TASK GOAL:
What you produce should be an exact transcription of the data, minus any pictures.
**** SOURCE MATERIAL ****
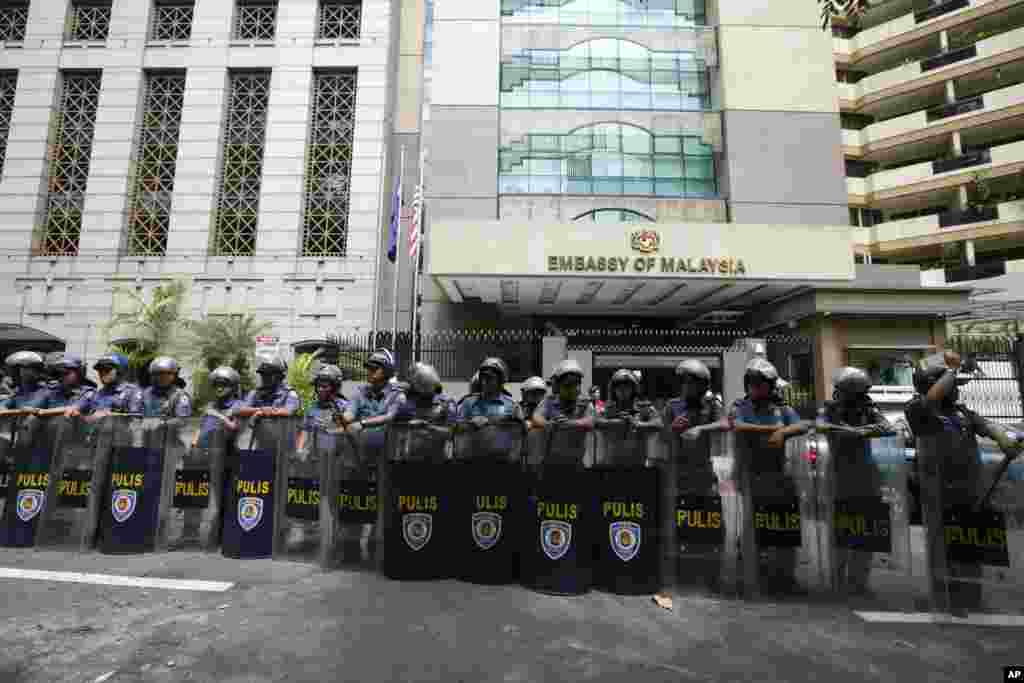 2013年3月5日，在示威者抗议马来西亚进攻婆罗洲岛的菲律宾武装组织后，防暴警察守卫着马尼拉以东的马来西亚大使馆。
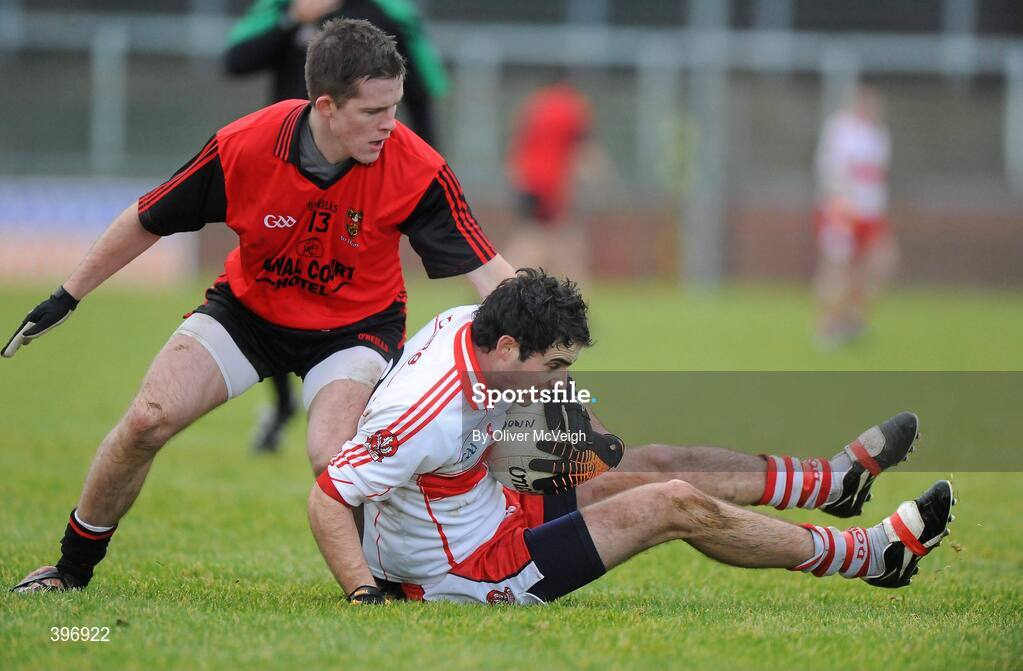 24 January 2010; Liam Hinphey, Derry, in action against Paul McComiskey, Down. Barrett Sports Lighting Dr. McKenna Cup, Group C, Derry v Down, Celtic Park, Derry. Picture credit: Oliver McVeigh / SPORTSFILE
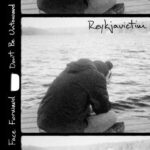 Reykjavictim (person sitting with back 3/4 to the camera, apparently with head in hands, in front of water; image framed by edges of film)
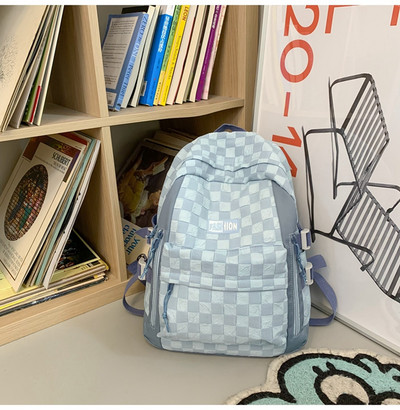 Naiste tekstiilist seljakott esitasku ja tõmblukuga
****
SOLUTION:
 2013年3月5日，在示威者抗议马来西亚进攻婆罗洲岛的菲律宾武装组织后，防暴警察守卫着马尼拉以东的马来西亚大使馆。
 24 January 2010; Liam Hinphey, Derry, in action against Paul McComiskey, Down. Barrett Sports Lighting Dr. McKenna Cup, Group C, Derry v Down, Celtic Park, Derry. Picture credit: Oliver McVeigh / SPORTSFILE
 Reykjavictim (person sitting with back 3/4 to the camera, apparently with head in hands, in front of water; image framed by edges of film)
 Naiste tekstiilist seljakott esitasku ja tõmblukuga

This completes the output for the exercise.